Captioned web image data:
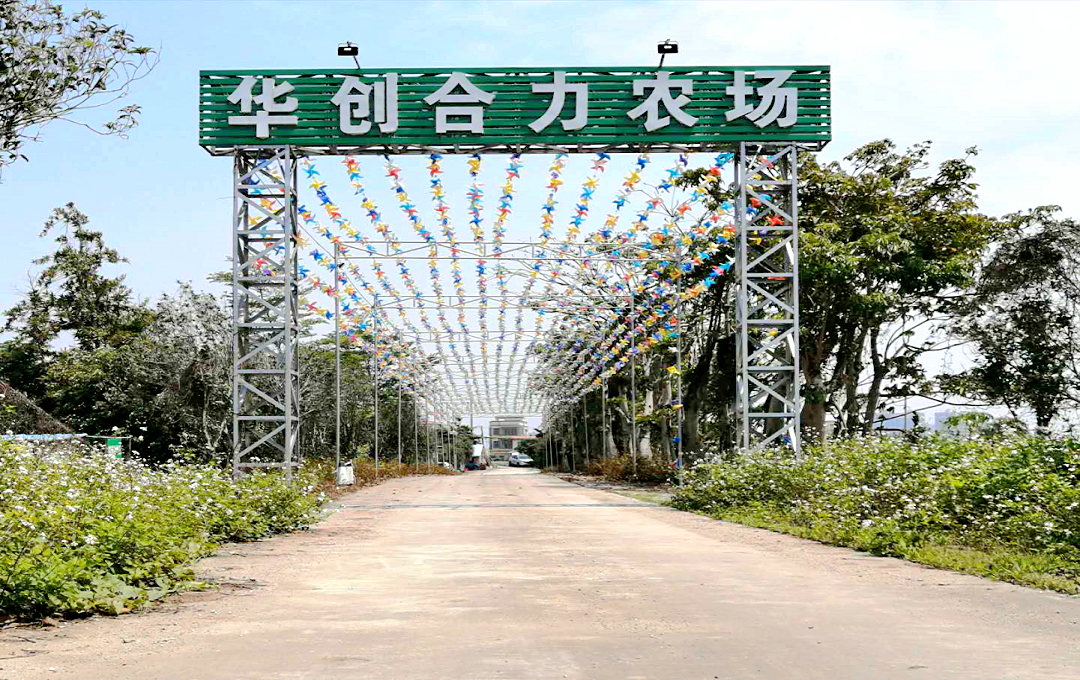 中山坦洲合力農場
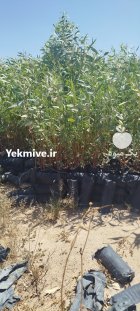 فروش نهال اوکالیپتوس در یزد در گروه خرید و فروش نهال در یکمیوه
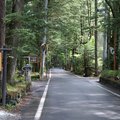 輕井澤的森林步道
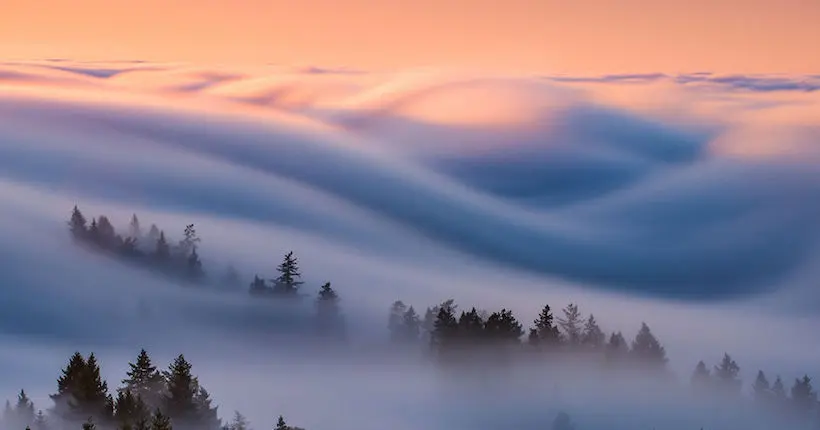 Ce photographe capture des images enivrantes de brouillard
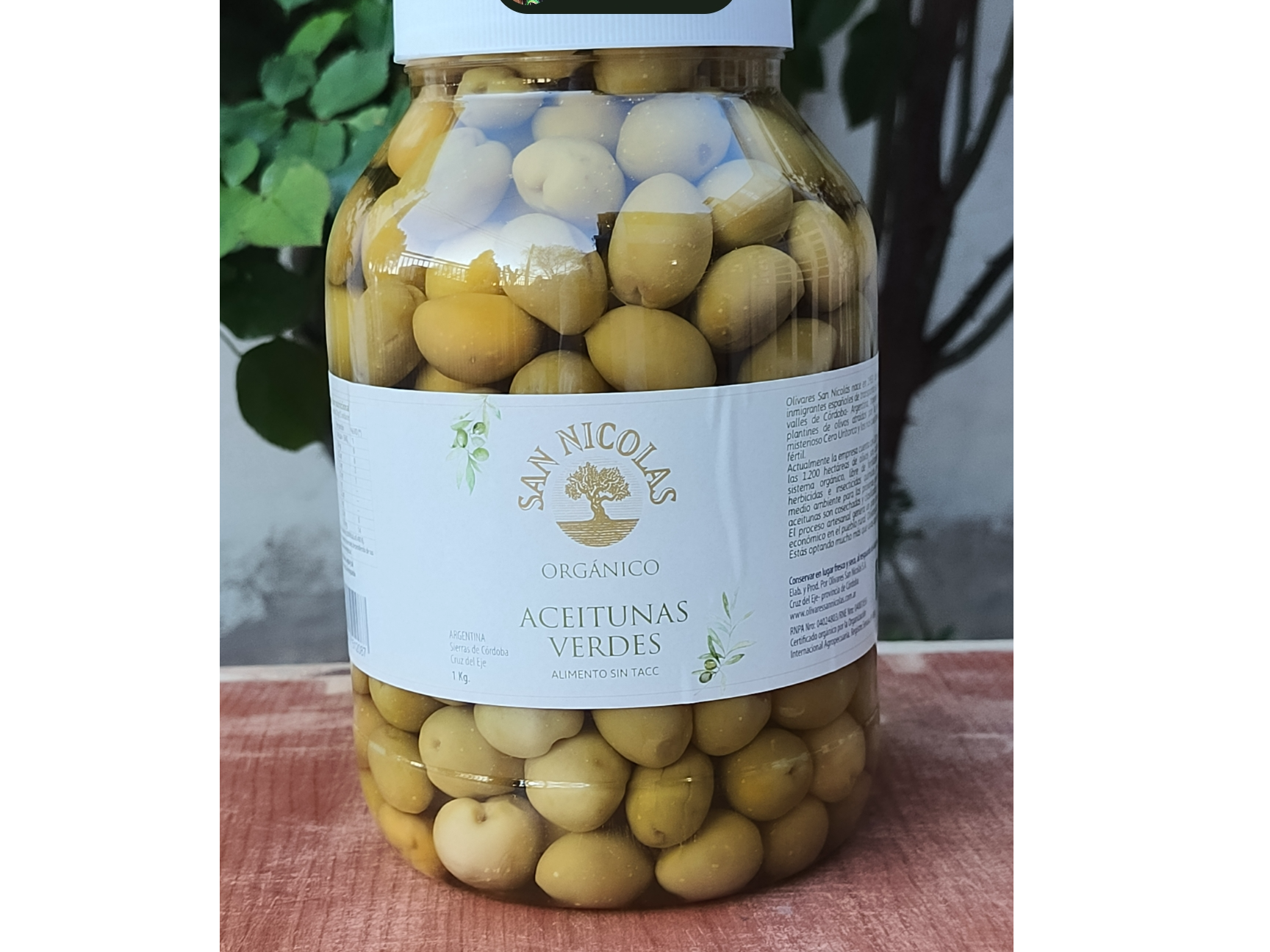 ACEITUNA VERDE 1KG SAN NICOLAS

#### [REQUIRED WORK]
What is needed here is an exact copy of every record, with the pictures left out.

#### [ANSWER BELOW]
 中山坦洲合力農場
 فروش نهال اوکالیپتوس در یزد در گروه خرید و فروش نهال در یکمیوه
 輕井澤的森林步道
 Ce photographe capture des images enivrantes de brouillard
 ACEITUNA VERDE 1KG SAN NICOLAS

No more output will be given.